**Work to complete:** Search the records below for the word "Lane". Copy each line where it occurs.

**Raw data:**

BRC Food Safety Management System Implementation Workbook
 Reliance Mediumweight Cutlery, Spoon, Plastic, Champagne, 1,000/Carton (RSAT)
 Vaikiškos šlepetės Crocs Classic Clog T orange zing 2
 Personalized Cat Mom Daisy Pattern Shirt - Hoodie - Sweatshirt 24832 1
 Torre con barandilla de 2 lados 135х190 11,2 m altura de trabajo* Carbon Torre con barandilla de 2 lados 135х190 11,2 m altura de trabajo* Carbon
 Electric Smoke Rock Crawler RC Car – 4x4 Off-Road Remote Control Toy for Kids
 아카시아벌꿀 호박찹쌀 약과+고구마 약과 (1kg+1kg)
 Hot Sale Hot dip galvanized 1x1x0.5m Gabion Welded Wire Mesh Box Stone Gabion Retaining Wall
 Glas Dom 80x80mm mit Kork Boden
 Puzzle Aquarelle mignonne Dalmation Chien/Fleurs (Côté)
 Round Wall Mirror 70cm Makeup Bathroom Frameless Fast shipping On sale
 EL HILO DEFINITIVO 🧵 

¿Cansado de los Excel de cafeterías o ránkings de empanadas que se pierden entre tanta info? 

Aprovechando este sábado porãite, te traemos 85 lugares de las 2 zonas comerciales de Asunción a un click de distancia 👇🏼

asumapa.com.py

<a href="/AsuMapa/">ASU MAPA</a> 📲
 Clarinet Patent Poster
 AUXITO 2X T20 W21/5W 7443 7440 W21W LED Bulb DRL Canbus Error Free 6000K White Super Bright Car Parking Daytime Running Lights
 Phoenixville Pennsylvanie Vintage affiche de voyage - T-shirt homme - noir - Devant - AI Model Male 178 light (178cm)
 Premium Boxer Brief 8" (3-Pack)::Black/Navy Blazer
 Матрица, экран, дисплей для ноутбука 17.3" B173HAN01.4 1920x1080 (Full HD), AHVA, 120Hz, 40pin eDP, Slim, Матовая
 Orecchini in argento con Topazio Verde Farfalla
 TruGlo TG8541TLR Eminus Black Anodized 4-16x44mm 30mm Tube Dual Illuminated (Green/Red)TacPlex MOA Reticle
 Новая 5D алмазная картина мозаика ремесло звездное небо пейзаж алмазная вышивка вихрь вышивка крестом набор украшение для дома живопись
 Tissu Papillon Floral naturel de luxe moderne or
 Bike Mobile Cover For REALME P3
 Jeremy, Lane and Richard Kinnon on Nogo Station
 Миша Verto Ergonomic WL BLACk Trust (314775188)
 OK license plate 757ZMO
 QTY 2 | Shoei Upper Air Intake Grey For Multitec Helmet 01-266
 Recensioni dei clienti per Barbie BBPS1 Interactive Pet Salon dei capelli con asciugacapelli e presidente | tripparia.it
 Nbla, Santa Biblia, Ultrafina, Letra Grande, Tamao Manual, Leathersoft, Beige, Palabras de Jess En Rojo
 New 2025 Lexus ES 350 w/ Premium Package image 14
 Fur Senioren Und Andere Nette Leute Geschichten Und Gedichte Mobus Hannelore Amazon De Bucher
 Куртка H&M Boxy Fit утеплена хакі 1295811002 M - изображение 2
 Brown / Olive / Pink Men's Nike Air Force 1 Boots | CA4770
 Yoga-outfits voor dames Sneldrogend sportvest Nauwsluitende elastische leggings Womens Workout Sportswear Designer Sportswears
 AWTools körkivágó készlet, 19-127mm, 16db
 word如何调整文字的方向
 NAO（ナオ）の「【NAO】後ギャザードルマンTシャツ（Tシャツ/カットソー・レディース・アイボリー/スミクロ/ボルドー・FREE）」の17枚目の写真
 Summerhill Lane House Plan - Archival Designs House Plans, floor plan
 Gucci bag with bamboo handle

**Exercise result:**
 Jeremy, Lane and Richard Kinnon on Nogo Station
 Summerhill Lane House Plan - Archival Designs House Plans, floor plan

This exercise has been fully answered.